Having goldens in our home, I am sure we all have the most important "ball"...whether it be a tennis ball or a rubber ball.  Please read this article is so very sad and something that definitely needs to be addressed.  I know I immediately threw the two that I have out ASAP.  I am hoping that the beloved KONG will never cause this one golden can't live without it!  It also goes to show that accidents can happen so quickly. Please monitor your goldens during their play time...they count on us to help them stay out of trouble and danger.  

On June 22, 2008 , my 10-year old lab mix, Chai, sustained a severe injury from a product that the company Four Paws, Inc., produces.
The toy I'm referencing is the pimple ball with bell (Item #20227-001, UPC Code #0 4566320227 9).

While chewing on the toy, a vacuum was created and it effectively sucked his tongue into the hole in the ball.  From speaking with my vet, this likely occurred because there is not a second hole in the ball preventing the vacuum effect from happening.  I became aware of this when Chai approached a friend at my home whimpering with the ball in his mouth.  She tried unsuccessfully to remove the ball but the tongue had swollen and could not be released.

Chai was taken to the Animal Medical Center (an emergency care facility in New York City ) and was treated by Dr. Nicole Spurlock to have the ball removed. Because the size of the opening on the ball was so small, all circulation to his tongue was cut off. The doctors had to sedate him in order to remove it. Once the ball was removed, his tongue swelled to the point that he could no longer put it in his mouth. Chai was sent home with care instructions and to be observed overnight for any changes. By the following morning, Chai's tongue had swollen even more.

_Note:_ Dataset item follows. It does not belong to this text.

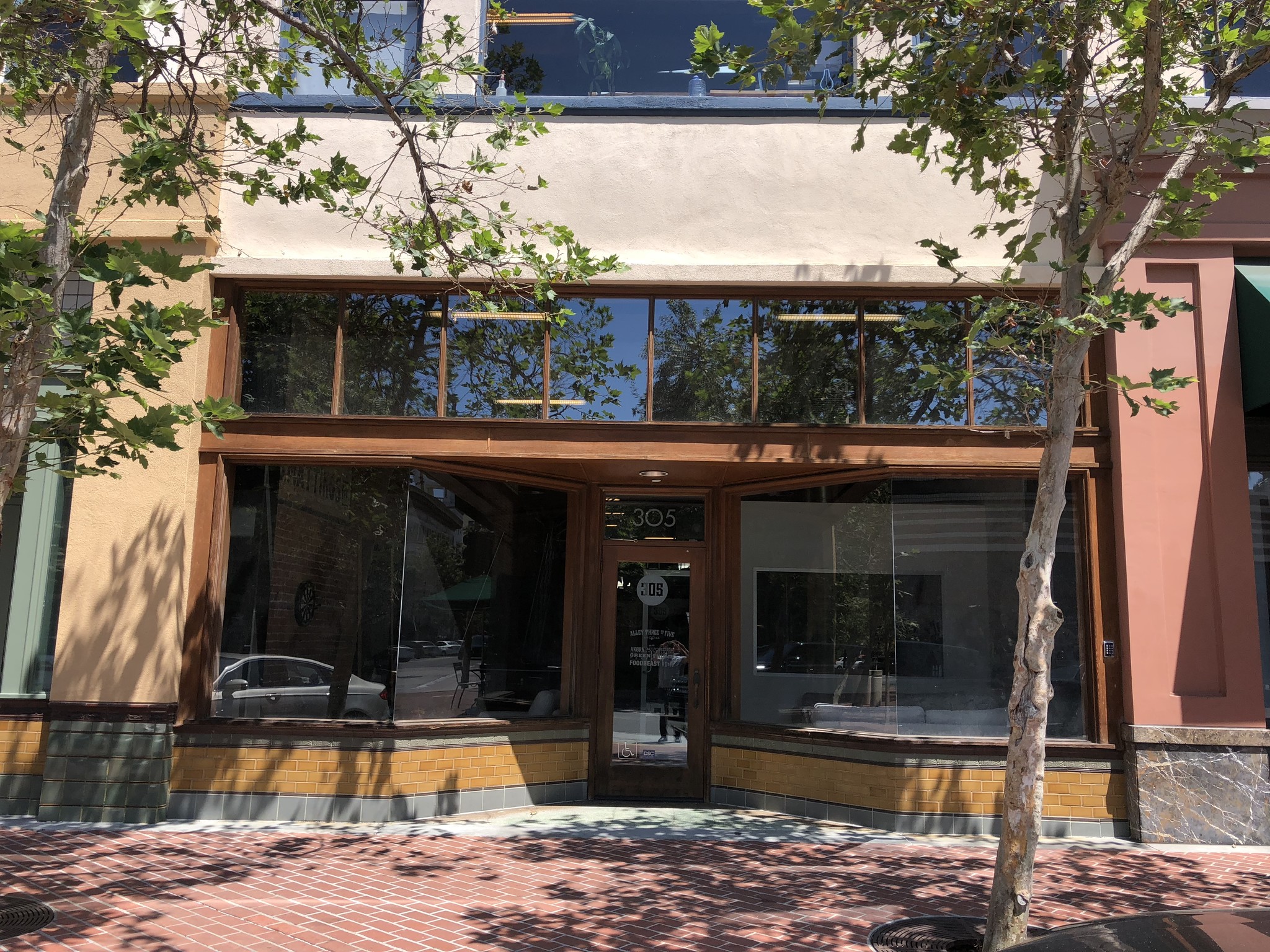 305 W 4th St, Santa Ana, CA for lease Primary Photo- Image 1 of 34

This is the dogs tongue not the Toy!
He was taken to his regular vet, Dr. Timnah Lee, for treatment. He was admitted and kept sedated for a period of three days during which time they were treating his wounds and waiting to determine how much of his tongue could be saved. On June 26, 2008 , Chai had his tongue amputated.

He was kept in after-care for an additional three days. On Sunday, June 29th, I brought Chai home from the vet with a barrage of home care instructions, to last for an additional 7 days. His next visit was to have his mouth re-examined and have the feeding tube in his neck removed.

To date, my veterinary bills total over $5,000 and I will have regular follow up appointments for some time. Additionally, Chai now requires a much more expensive form of food because of this injury, averaging approximately $200 per month. Additionally, I now have to re-teach my dog to eat, drink and adjust to life without his tongue.

I sent this information along to Four Paws, Inc., and it is their position that there just aren't enough instances to do anything about this.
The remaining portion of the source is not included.